Commanders and leaders
- Erik Sjöblad: Niels Juel

Strength
- 3 men of war 5 armed merchants 4 minor vessels 394 guns: 13 men of war 670 guns

Casualties and losses
- 8 ships at least 1,500 dead, wounded or missing: Negligible

= Battle of Møn =

1677 naval battle

The Battle of Møn, also known as the Battle of Fehmarn, took place 31 May–1 June 1677, as part of the Scanian War. A smaller Swedish squadron under Admiral Erik Sjöblad attempted to sail from Gothenburg to join the main Swedish fleet in the Baltic Sea. It was intercepted by a superior Danish-Norwegian force under Niels Juel and decimated over the course of two days. The Swedes lost 8 ships and over 1,500 men dead, injured or captured, including Admiral Sjöblad himself, while the Danish losses were insignificant.

The victory prevented the Swedish navy from concentrating its forces and provided valuable prize ships for the Danish navy. It confirmed Danish supremacy at sea during the war and laid the ground for the major Danish-Norwegian victory at Køge Bay 1–2 July that same year.

==Prelude==
Henrik Horn was appointed commander-in-chief of the Swedish navy in March 1677, becoming the third consecutive navy chief (after Gustaf Otto Stenbock and Lorentz Creutz) without any naval experience. The Danish fleet, on the other hand, was well-staffed with capable, experienced officers, which placed the Swedes at a marked disadvantage from the outset. Horn was quickly informed that Dutch reinforcements under Tromp were heading for the Baltic, and on 21 April he was received orders from King Charles to join the main body of the Swedish fleet with a minor squadron anchored off Gothenburg under the command of Erik Sjöblad. The main fleet did not get to sea until early June, but Sjöblad nevertheless sailed as early as 20 May to join Horn. Sjöblad tried to sail through the Great Belt, but was becalmed for on the 23rd and did not pass Langeland until the 29th.
 Danish admiral Niels Juel, victor of the battles of Bornholm and Öland in 1676 was already at sea with 13 large warships, a yacht and two fireships when he received the report on Sjöblad's position on 28 May; within two days, the two fleets had sighted one another.

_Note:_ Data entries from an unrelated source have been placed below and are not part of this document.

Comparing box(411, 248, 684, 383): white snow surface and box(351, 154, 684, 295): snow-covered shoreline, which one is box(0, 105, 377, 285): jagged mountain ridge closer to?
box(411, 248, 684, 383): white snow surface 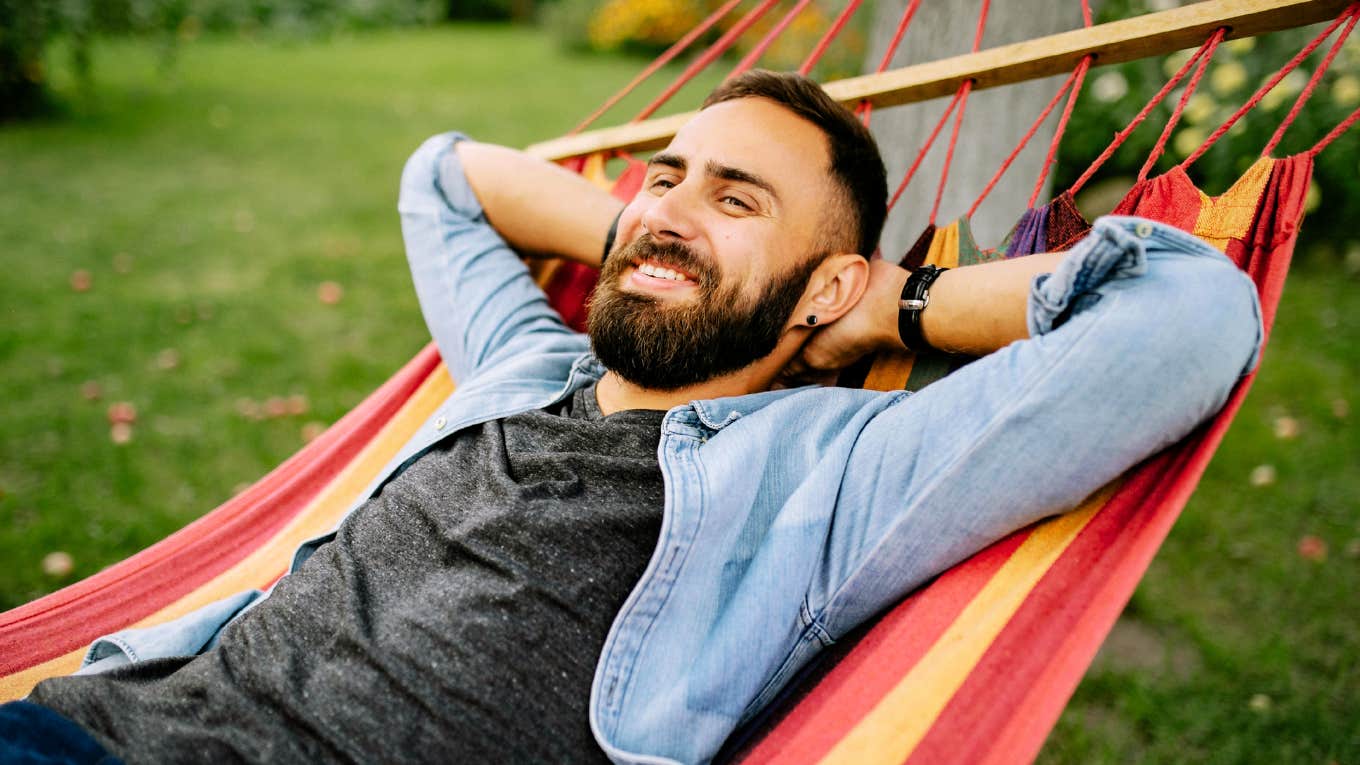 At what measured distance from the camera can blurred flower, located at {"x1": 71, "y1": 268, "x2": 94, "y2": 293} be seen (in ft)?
14.2

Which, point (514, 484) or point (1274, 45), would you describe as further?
point (1274, 45)

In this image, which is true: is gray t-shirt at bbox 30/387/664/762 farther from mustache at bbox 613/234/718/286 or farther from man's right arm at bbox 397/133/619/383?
man's right arm at bbox 397/133/619/383

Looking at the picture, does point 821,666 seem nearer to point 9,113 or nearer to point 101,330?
point 101,330

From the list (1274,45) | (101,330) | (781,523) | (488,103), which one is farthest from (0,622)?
(488,103)

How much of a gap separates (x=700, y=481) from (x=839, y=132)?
736 mm

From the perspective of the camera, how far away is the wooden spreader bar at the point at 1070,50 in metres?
1.42

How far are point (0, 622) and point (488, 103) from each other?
7.70m

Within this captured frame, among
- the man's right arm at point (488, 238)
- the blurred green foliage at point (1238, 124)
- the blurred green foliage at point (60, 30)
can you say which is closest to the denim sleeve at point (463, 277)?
the man's right arm at point (488, 238)

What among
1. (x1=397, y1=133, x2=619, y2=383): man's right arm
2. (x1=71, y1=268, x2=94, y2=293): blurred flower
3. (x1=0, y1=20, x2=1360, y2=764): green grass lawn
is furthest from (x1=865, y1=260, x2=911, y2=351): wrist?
(x1=71, y1=268, x2=94, y2=293): blurred flower

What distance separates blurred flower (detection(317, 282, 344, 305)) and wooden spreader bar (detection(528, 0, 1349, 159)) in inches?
109

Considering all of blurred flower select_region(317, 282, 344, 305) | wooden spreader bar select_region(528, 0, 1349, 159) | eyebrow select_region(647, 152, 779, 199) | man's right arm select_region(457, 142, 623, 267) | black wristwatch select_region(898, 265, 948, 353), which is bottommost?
blurred flower select_region(317, 282, 344, 305)

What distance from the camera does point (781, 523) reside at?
1323 millimetres

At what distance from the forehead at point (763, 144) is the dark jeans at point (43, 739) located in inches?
48.7

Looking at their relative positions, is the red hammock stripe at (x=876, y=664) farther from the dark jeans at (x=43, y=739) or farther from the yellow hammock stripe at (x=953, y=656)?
the dark jeans at (x=43, y=739)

The Danish force was superior in numbers, armament and quality of equipment. Sjöblad's force had nine ships to Juel's 13, eight of which had 50 or more guns. The Danish ships were also dedicated warships while the Swedish vessels were armed merchants and less suited for battle. In total, the Swedes had 394 guns while the Danes had nearly 670, and the heaviest guns on the Swedish sides were merely 12-pounders, a relatively light caliber for naval artillery.

==Battle==
Juel had taken up a position between the Swedish squadron and the outlet between the German mainland and the island of Falster. After a war council on 30 May, the Swedish force decided to attempt to sail around the Danish force and set a course for east-northeast on 31 May. The wind abated once more that day and both sides began towing their ships to make headway. The Swedish force tried to stay in formation by setting the pace by the slowest ships, and later that afternoon, the first Danish ships came within firing range. Before night fell, Drejer of Enigheden managed to overtake and capture Wrangel Palats. During the night, the wind picked up once more, which was to Juel's benefit.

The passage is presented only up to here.